Le rapport d’activité du Pôle Commun AMF – ACPR est paru … Enseignements et réflexion (1)

Le rapport d’activité 2014 du Pôle Assurance Banque Epargne (AMF et ACPR) vient de paraître. OPADEO CONSEIL en tire les premiers enseignements dans le domaine de l’épargne et de la finance.

Quelques chiffres tout d’abord : les appels sur ABE Info Service

La plateforme ABE Info Service reçoit toujours plus d’appel : plus de 355 000 en 2014, dont la très grande majorité sur des sujets bancaires (86 %). En ce qui concerne les appels relatifs aux produits financiers (4 % du total), ils sont en hausse de 17 % par rapport à 2013 et concernent le Forex et les options binaires pour 37 % d’entre eux.

Les produits non autorisés à la commercialisation en France

Ce dernier thème fait l’objet de très fréquentes questions relatives à l’agrément des intermédiaires ou des promoteurs de ce type de produits et à la récupération des fonds investis. Le Pôle Commun ACPR – AMF rappelle fort justement que les recours possibles concernant des produits ou placements financiers dont la commercialisation n’a pas été autorisée en France sont très limités.

Les produits complexes et atypiques

Pour ce qui concerne la veille documentaire, le Pôle Commun ACPR – AMF insiste sur les publicités pour les placements sur les produits atypiques (or, diamant, forêts …) et sur les investissements dans le cadre d’une entreprise de financement participatif. Les contrôles a priori ont aussi porté sur les produits atypiques du fait de leur structuration (instruments complexes, fonds à formule, obligations structurées, warrants, turbos) ou du niveau de liquidité offert aux investisseurs (capital-investissement).

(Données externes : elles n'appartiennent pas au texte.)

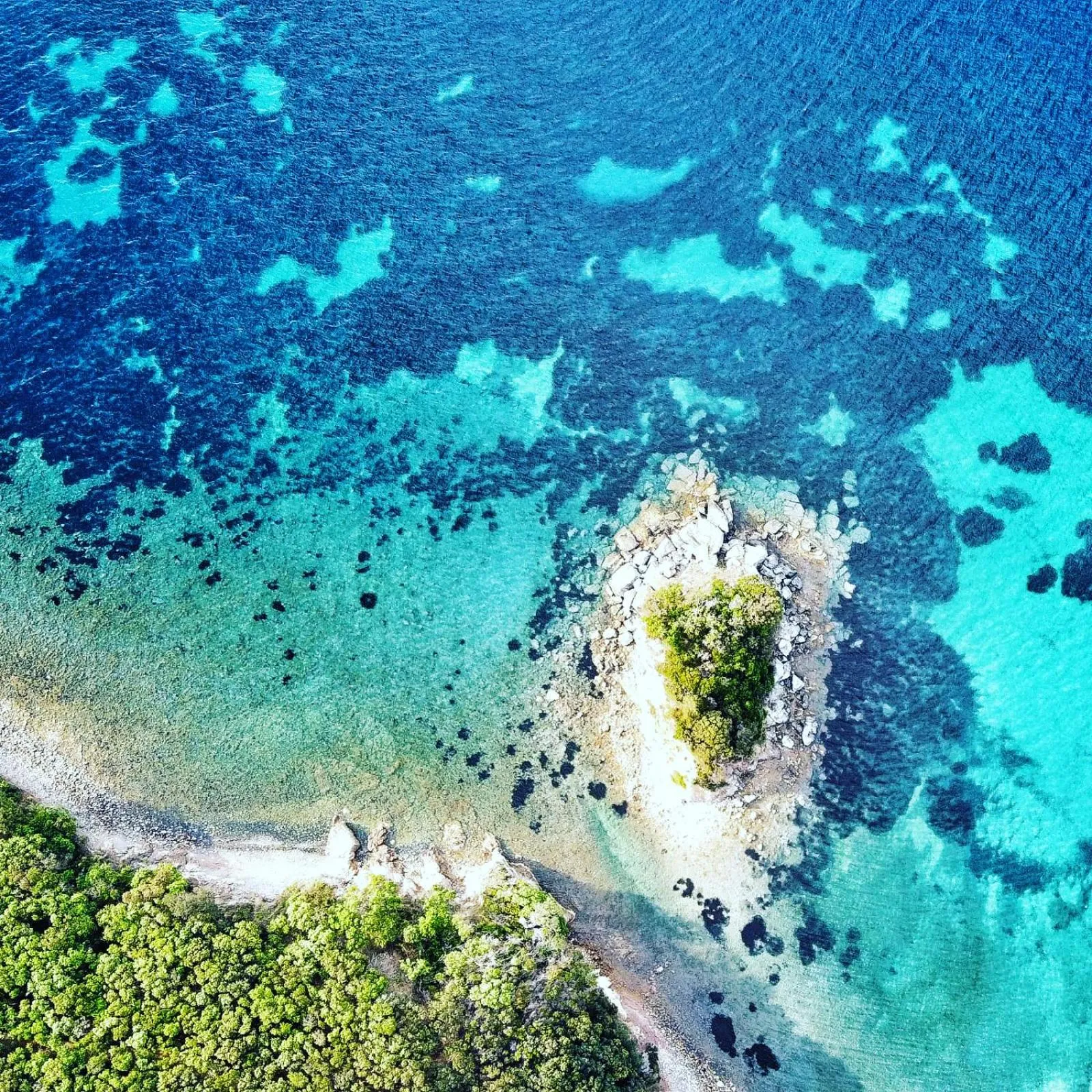 Nearby landmark in Indarsena b&b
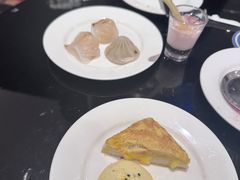 -上海大宁福朋喜来登酒店大堂吧(共和新路店)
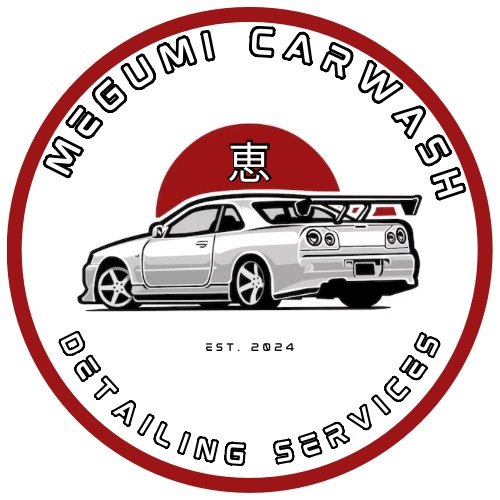 Megumi Carwash and Detailing Services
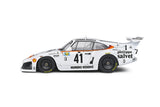 1:18 1979 Le Mans Winner -- #41 Porsche 935 Mobydick -- Solido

La commercialisation de ces produits complexes et atypiques

Si les supports d’information à destination des clients sont maintenant le plus souvent conformes à la réglementation, le Pôle Commun AMF – ACPR insiste sur la qualité très inégale de l’identification de la clientèle cible, ou sur la formation insuffisante des conseillers habilités à commercialiser ces produits complexes. L’AMF doute par exemple que ‘‘les personnes en charge de la commercialisation des produits complexes l’ont eux-mêmes compris’’, ce dont le distributeur doit bien sûr s’assurer.

L’AMF alerte aussi sur les cas de commercialisation des produits complexes ‘‘prétendument à la demande des clients’’ et sur le cas du placement privé.

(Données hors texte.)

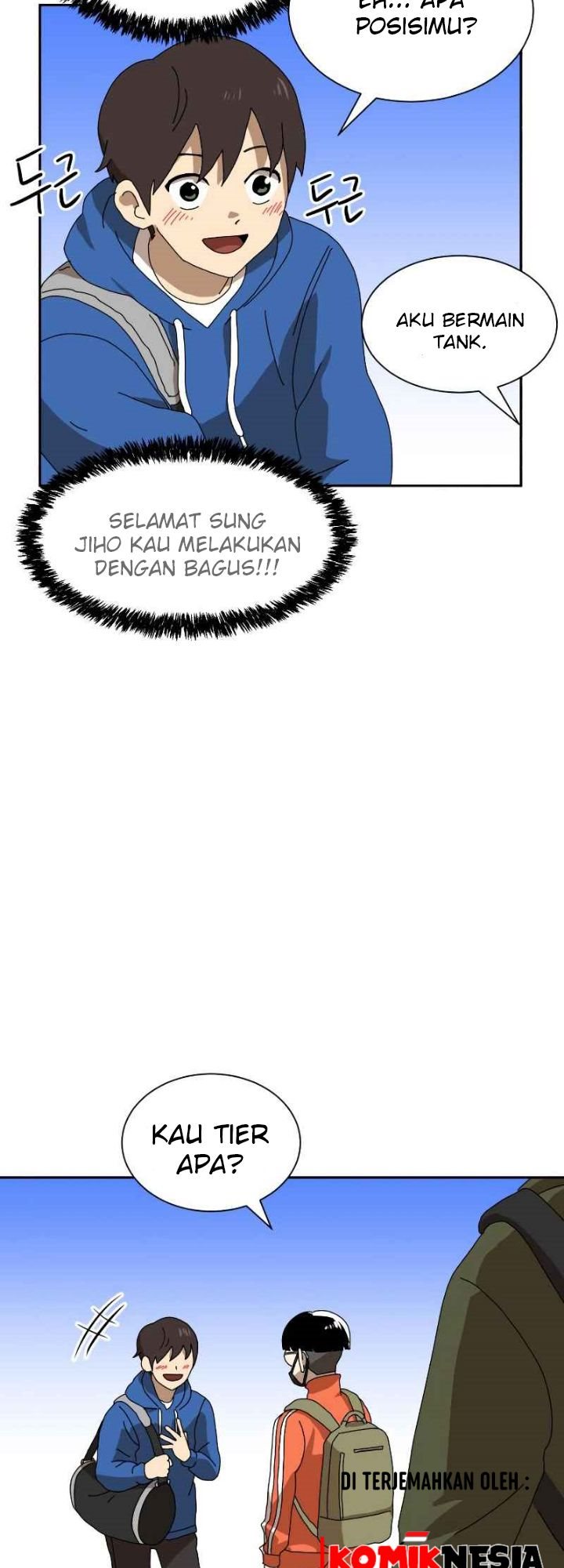 Dilarang COPAS - situs resmi www.mangacanblog.com - Komik double click 008 - chapter 8 9 Indonesia double click 008 - chapter 8 Terbaru 157|Baca Manga Komik Indonesia|Mangacan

Pour l’AMF (mais aussi pour nous !), la connaissance du client et le devoir de conseil (objet d’une section entière du rapport d’activité) sont essentiels dans tous les cas, mais encore plus dans la commercialisation des produits complexes ou atypiques. Considérés comme tels du fait de : leur profil de risque, leur structuration, leur (il)liquidité, leur sous-jacent … , ces produits complexes peuvent aussi nécessiter, pour en comprendre le fonctionnement, des notions minimales de finance, calcul mathématique ou une capacité à appréhender certaines variables, financières ou non financières.

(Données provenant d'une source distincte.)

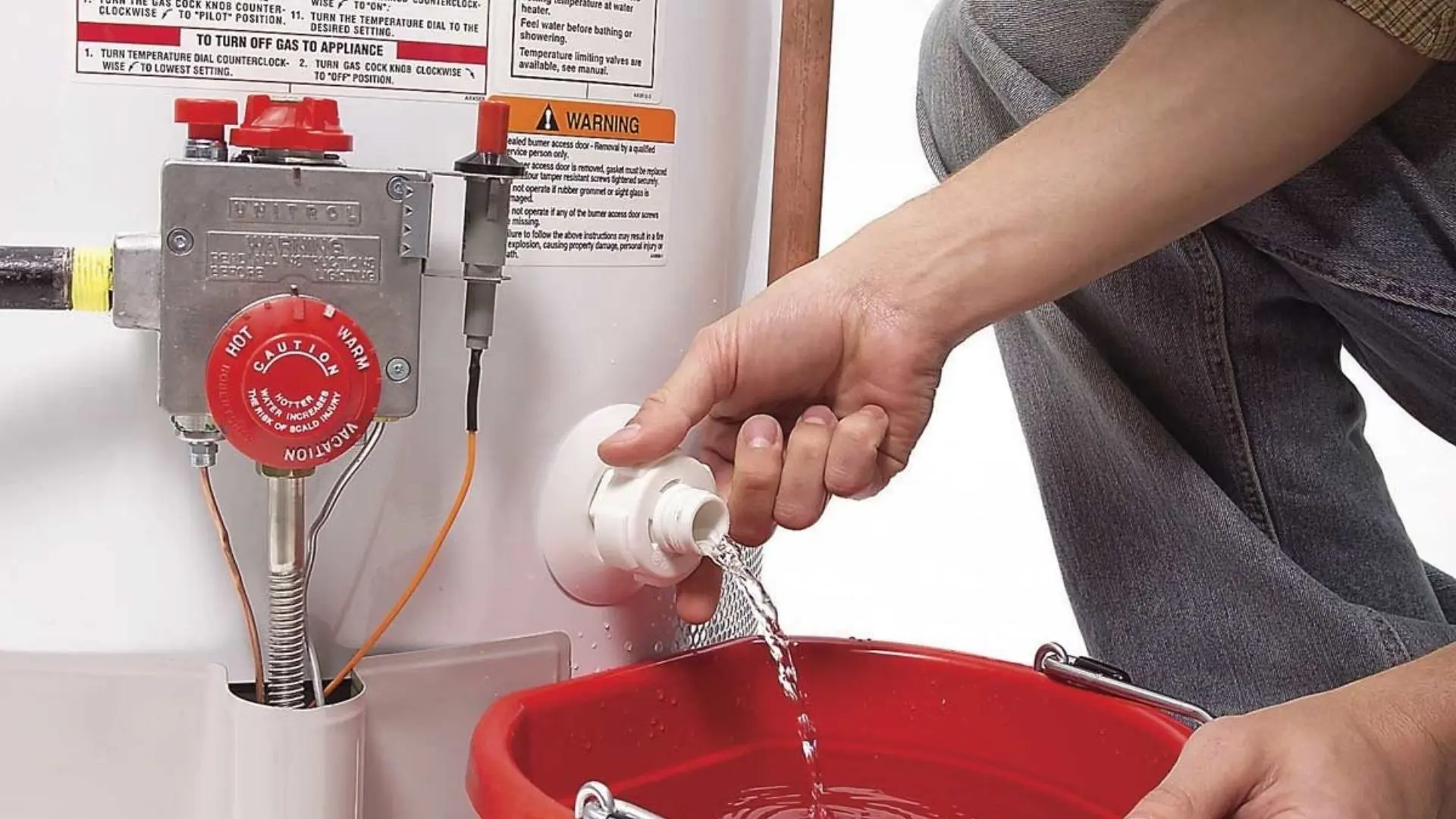 Hot Water Maintenance Solutions Melbourne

Nous reviendrons sur ces aspects du devoir de compréhension, d’explication et de conseil, car s’ajoutent bien vite dans le contexte de la commercialisation des produits complexes / atypiques les possibles ‘‘situations de conflits d’intérêt induites par les modalités de rémunération’’ de ces produits, comme le souligne avec justesse le rapport.